Thursday, 28 Nov 2024

Dawn Neesom: All I want for Christmas is three wise men

Not since baby Jesus was born in a manger crowded by farm animals have any of us been so surrounded by manure at Christmas.

With tiers and regulations more up and down than Santa exploring his chimney fetish on the big night (just use the damn door) the only certainty is that your tree will have bigger baubles than our Prime Minister.

Does anyone have a flying reindeer what the hell is actually going on anymore?

Because nothing we’ve been told since ­autumn started has really made any sense at all.

Forget joined-up thinking ­ this lot would have trouble with joined-up writing.

A bewildering array of charts, slides, graphs and scary doctors have done nothing but blind us with statistics that everyone gave up trying to follow months ago.

Mostly because it was out-of-date tosh.

One minute shops are shut, the next they’re to open.

But the bars and restaurants that have spent a fortune ­making themselves Covid secure are allowed to trade for two weeks and then slammed closed again.

Hairdressers were, at one point, deadlier than Kay Burley’s birthday party. Now they’re fine.

Gyms likewise. But heaven forbid you want to go ten-pin bowling or sing a carol in church.

And what is with the word “tier” that it always has to come ­accompanied by the word “plunge”?

Areas of the country can’t simply be “eased” into a different tier they have to be “thrust” with all the violence and threat that gesture entails.

The way that science and language have been used to terrify us this year is abuse on a national scale.

  • Everything you can and can't do in Tier 3 as parts of the UK move up a Covid level

Little wonder that the Samaritans are ­receiving 7,000 calls a day.

Take Death Secretary Matt (Han)Cock’s deeply suspicious decision to announce London’s new lockdown and reveal a “fast growing” variance of coronavirus on the very same day. Anyone would have thunk he was deliberately trying to terrify the living ­daylights out of us. Again.

And isn’t it funny how the gloom always gets served up without any positives?

Why didn’t old doom chops mention it’s entirely natural for a virus to mutate because that’s what they do?

It would be more worrying if coronavirus hadn’t.

Just more scaremongering, pure and simple.

Because when it all goes turkey-stuffed belly up in January guess who’ll be to blame?

Yep, us lot.

Again.

Too stupid to follow rules that make no sense, that are just designed to cover the prissy, pompous ­posteriors of the powers that be.

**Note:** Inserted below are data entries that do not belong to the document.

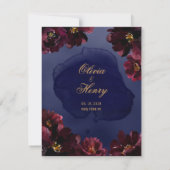 Invitation Nuit de noces Bordeaux Save The Date (Dos)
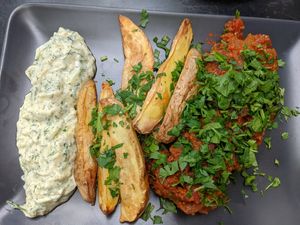 lovely staff and a great place to eat traditional vegan dishes at Veganaki in Athens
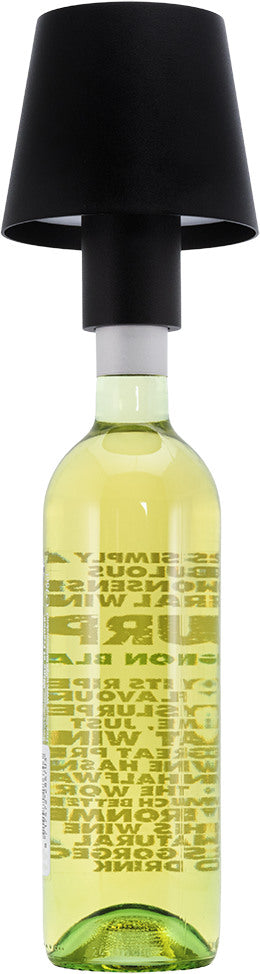 SECURIT Flaschenleuchte PARIS LP-PA-BL schwarz, Akku, dimmbar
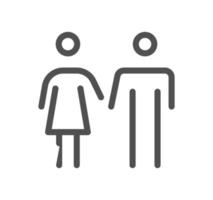 Gender related icon outline and linear vector. vector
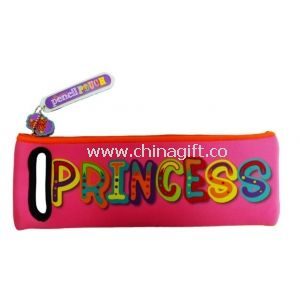 Pencil tote bag holder with colorful printing and quality stitching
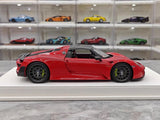 [Make Up] 1:18 Porsche 2011 918 Spyder rood & zwart modelauto Hars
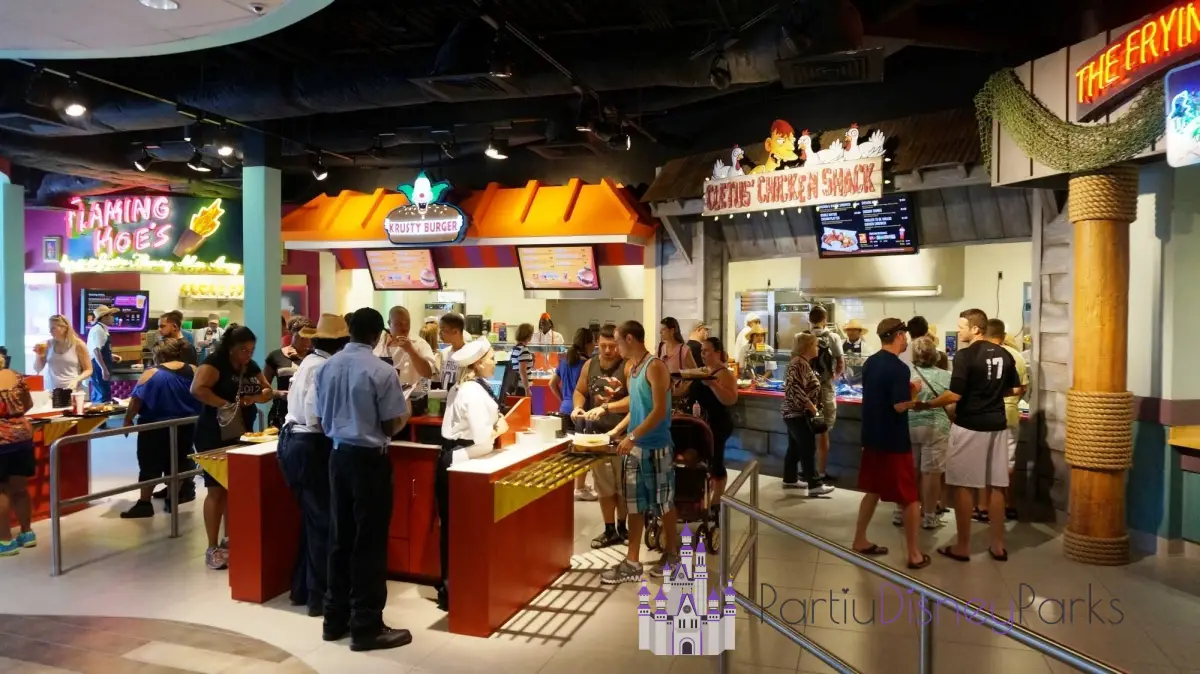 Springfield Food Court at Universal Studios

Clear, honest information delivered with a view to guide, support and encourage are all any of us ever truly wanted this Christmas.

Instead the elderly are treated like infantile imbeciles, the young as serial granny killers and everyone in between with utter contempt.

They tell us how, where and when to walk, eat, drink, socialise, work, travel, enjoy sport even have sex.

Yes, the wearing of masks has seriously been debated for that activity too. And not the leather gimp kind.

I don’t want Bozza and his clowns to patronise me any more.

I don’t want to be on their “nice” list and ­rewarded with a pat on the head and five days of family snuggles for which I am supposed to be eternally grateful.

I want to be treated like the grown-up I am. To be respected. To have the health of me and my loved ones GENUINELY looked after. I am sick, not of Covid, but of being lied to about it.

The ultimate betrayal though is turning this very special, spiritual time of year into a cheap bribe.

Baby Jesus may have been born in a stable in dreadfully uncertain times but at least He had something we don’t. Three wise men.